And I could not help but pull the g-dang trigger yesterday when above better judgement — that is: the fact that I will no doubt be incapable of wearing these for at least another three months (I am decidedly impatient and thus render anything unusable in the present tense unusable in perpetuity) — I paid $352 dollars to own them.
Will I try wearing them with striped metallic socks to soften the blow of end-of-February? Yes.
Is there a justification system in place given the fact that I could have just purchased the actual Dr. Scholl’s for like, $80? Duh — it might not make sense, but it’s there.

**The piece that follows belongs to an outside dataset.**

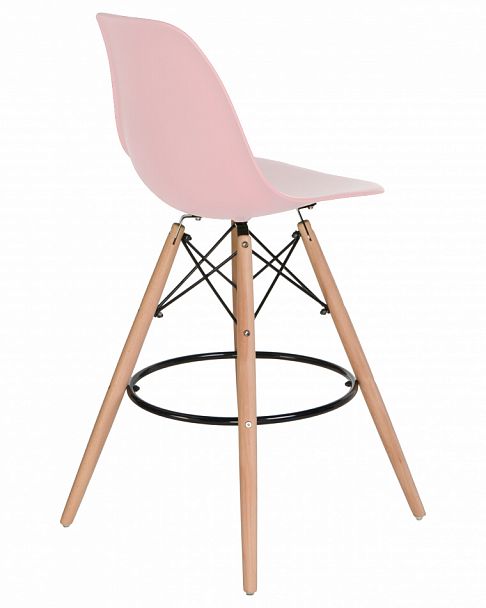 Стул барный DOBRIN DSW BAR (ножки светлый бук, цвет сиденья светло-розовый (PK-02)) - Вид 3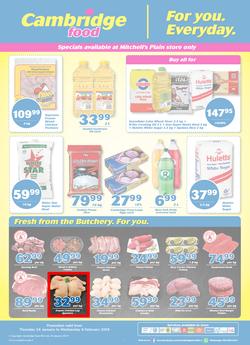 Cambridge Food Mitchells Plain : January Month End (24 Jan - 6 Feb 2019), page 1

On the one hand, there is the very frank reality that crystal buckles are almost reason enough to do anything. Including hike Mount Everest in a bikini and clogs, for example. So, are these expensive buckles? Yes. But when considering both cost-per-wear and wear-per-feel, they’re also technically free.
Wear-per-feel, by the way, is that thing where every time you put something on you feel like a pop star vacationing on the Spanish Riviera. Priceless.

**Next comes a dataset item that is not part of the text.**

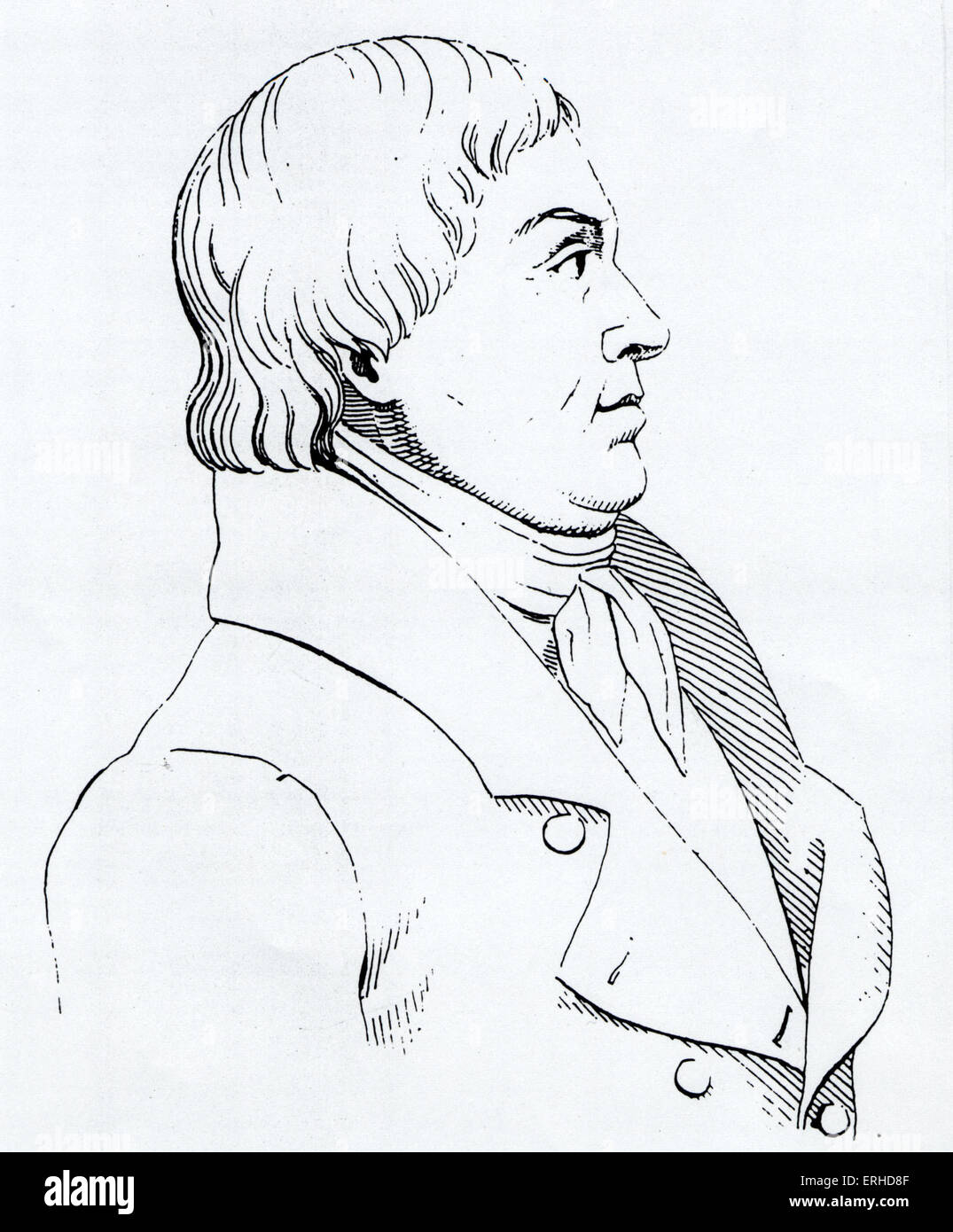 Mesmer Kupfer Kupferstich von Meyer. Berühmte Hypnotiseur, 1734-1815. Das Wort "hypnotisieren" verdankt seinen Namen. Freund von Stockfoto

Justification #2: Fashion is cool because it takes literal, utilitarian objects like a pair of podiatrist-recommended shoes and turns them into a flight of fancy. A reason to get out of bed. Ancient Greek Sandals had the right idea last summer when they rolled out their “Filia” shoe, which I got and nurtured until! One day toward the end of August they disappeared (read: one fell out of my overnight bag without my realizing it until three hours too late). I thought about buying them again but they were a) sold out and b) the season was ending. At this point, I think I can comfortably just add another $60 to the $290 and call it highway robbery all the same, no?
And finally, there’s this: given the fact that I anticipate making questionable outfitting choices all spring long — see: capri pants (and I do mean capri pants) and half zips, I may as well go aLL oUtTtT~!~t, no?
Join me — it’ll be fun! What’s the worst that could happen?